- **Record set**
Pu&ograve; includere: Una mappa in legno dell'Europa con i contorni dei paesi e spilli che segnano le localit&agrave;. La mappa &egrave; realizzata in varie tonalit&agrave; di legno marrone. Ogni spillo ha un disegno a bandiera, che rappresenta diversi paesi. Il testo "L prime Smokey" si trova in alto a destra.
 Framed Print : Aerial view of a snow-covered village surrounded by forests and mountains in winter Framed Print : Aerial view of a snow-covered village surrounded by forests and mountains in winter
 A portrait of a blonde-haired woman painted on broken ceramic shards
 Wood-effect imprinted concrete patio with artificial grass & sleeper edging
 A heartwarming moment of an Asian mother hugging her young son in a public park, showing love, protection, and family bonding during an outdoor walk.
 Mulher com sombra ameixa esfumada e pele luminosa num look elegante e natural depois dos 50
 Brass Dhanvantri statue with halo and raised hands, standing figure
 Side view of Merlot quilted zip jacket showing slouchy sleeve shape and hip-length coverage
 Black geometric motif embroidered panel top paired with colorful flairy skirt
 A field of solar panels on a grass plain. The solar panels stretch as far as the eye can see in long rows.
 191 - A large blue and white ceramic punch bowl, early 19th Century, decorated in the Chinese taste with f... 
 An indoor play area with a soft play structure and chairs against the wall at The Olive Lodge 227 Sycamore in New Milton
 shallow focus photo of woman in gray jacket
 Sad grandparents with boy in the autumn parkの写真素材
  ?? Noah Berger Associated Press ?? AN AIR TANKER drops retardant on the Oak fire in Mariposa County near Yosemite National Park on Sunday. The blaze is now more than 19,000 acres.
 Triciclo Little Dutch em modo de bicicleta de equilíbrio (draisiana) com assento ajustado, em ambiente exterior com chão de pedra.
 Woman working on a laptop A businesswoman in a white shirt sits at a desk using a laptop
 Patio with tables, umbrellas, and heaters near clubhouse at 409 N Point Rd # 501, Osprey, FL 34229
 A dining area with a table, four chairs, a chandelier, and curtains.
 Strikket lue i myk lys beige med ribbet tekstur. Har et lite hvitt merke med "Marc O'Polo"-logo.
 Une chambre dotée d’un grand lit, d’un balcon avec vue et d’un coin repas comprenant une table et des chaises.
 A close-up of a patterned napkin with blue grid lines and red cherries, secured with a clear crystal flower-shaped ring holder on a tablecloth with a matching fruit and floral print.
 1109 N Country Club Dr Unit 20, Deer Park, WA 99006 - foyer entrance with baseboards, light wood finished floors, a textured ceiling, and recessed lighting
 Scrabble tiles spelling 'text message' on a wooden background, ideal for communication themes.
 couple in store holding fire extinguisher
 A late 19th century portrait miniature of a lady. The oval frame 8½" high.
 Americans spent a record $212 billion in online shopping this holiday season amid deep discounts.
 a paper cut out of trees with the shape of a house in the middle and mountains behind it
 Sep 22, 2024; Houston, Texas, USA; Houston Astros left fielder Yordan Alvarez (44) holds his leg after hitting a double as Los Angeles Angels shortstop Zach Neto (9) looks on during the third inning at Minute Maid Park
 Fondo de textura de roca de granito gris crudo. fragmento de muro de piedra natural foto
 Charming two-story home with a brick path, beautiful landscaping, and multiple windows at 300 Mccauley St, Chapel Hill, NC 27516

- **Directions for this task**
Transcribe each line of the data above, unaltered, from the one where "A field of solar" appears to the one where "Sad grandparents with" appears, inclusive of both.

- **Written response**
 A field of solar panels on a grass plain. The solar panels stretch as far as the eye can see in long rows.
 191 - A large blue and white ceramic punch bowl, early 19th Century, decorated in the Chinese taste with f... 
 An indoor play area with a soft play structure and chairs against the wall at The Olive Lodge 227 Sycamore in New Milton
 shallow focus photo of woman in gray jacket
 Sad grandparents with boy in the autumn parkの写真素材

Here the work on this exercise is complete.